I find this to be soul searching literature. This is the philosophy by which I live my life. Hence, my love of a falling leaf. Although that alone doesn’t summarize the depths of that simple thought/phrase. That ‘one’ leaf changed my life. I can only hope we all find a leaf of such magnitude. The proof of all things.

Saul Bellow, along with using a bit of Johann Wolfgang von Goethe’s poetry, masterfully lays out a path for any individual to break down happiness and how to apply it, if so inclined. It’s not the things, certainly NOT the things, we buy and stuff into our already full garages to show to our ‘friends’ just how far we’ve made it; at a very young age I realized just how fake that was while watching adults parade their facades.

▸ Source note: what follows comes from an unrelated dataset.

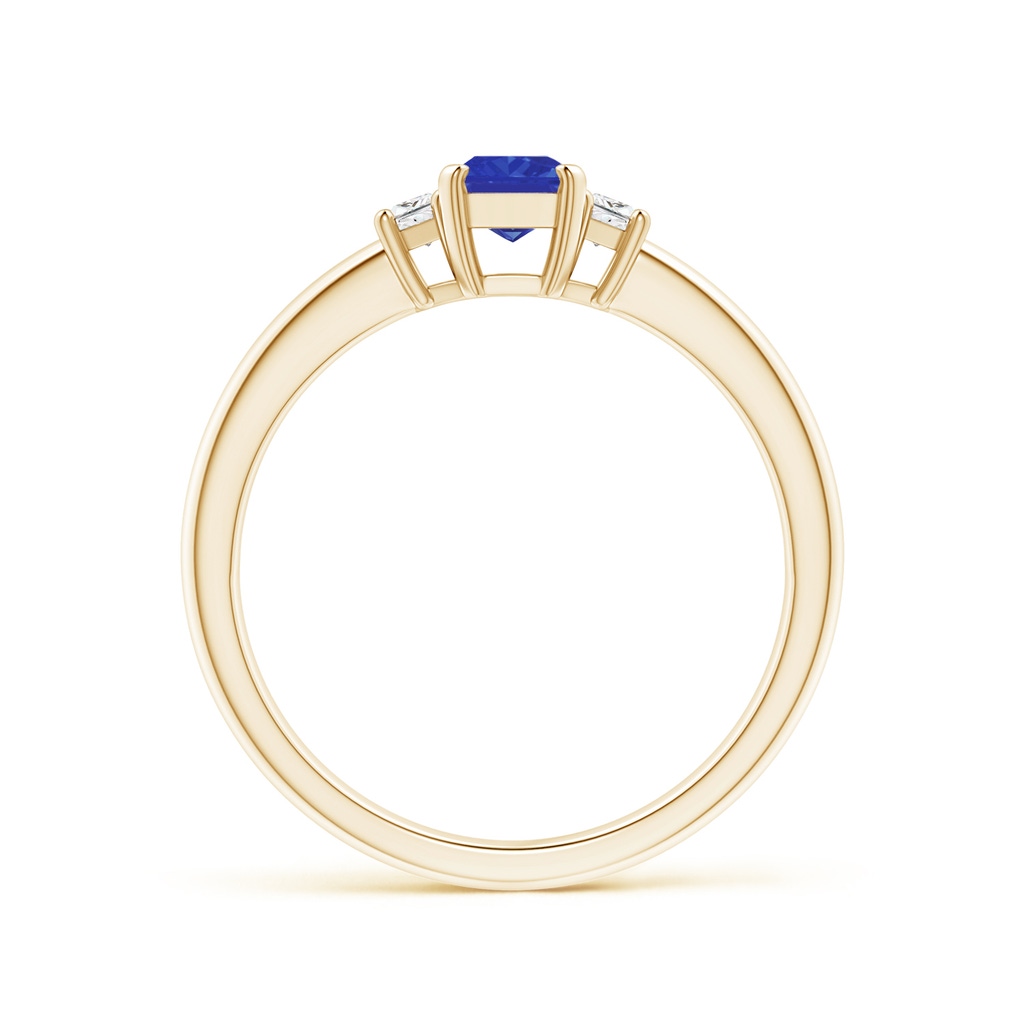 6x4mm AAA Tanzanite and Diamond Three Stone Ring in Yellow Gold - Side 1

As an adult I’ve found that writing is not only my outlet, but a space for my soul to become tangible. Whether my writing is any good or not, well that’s not for me to decide, but I will write. And I will read literature that touches my heart and forces me to look from the page and dive into my thoughts while staring at a blank wall and processing what I’ve just learned.

I wish you all the best,

Matt

I’m thankful for the support so many of you have so unselfishly given me.

poetry

there’s no definition
I care for

you write
what comes

and there it is

and here we sit
or stand
or even walk while we read

some words stick inside you
some are just, gone

some come back again

it’s not for everyone
but, sitting near a window overlooking
an evergreen gently dancing in the wind
is just fine for me

-M. Taggart

 

for the love of books

I love to read.

Yesterday I purchased two used books from a very used bookstore
Hemingway and Steinbeck

I lazily tossed both on top of a shelf in my office
Maybe I’ll read them at the same time

One cubby hole down sits Bukowski
which happens to be next to a few books that I’m published in

and on the floor, near my right foot, The Unabridged
Edgar Allan Poe. That’s literally the name of the book

In back of my chair is a box that I have yet to completely unpack
In the box are a number of books, books, books.

On my desk sits Final Harvest, Emily Dickinson
It’s impossible for my person to become bored

oh, and I just found Papa, A Personal Memoir written by
Gregory H. Hemingway, M.D. in back of the monitor

I could clean my office but the life would be sucked out of the
otherwise very empty room

I don’t think I’ll do that. Hell, I haven’t even mentioned what’s in the dry sink.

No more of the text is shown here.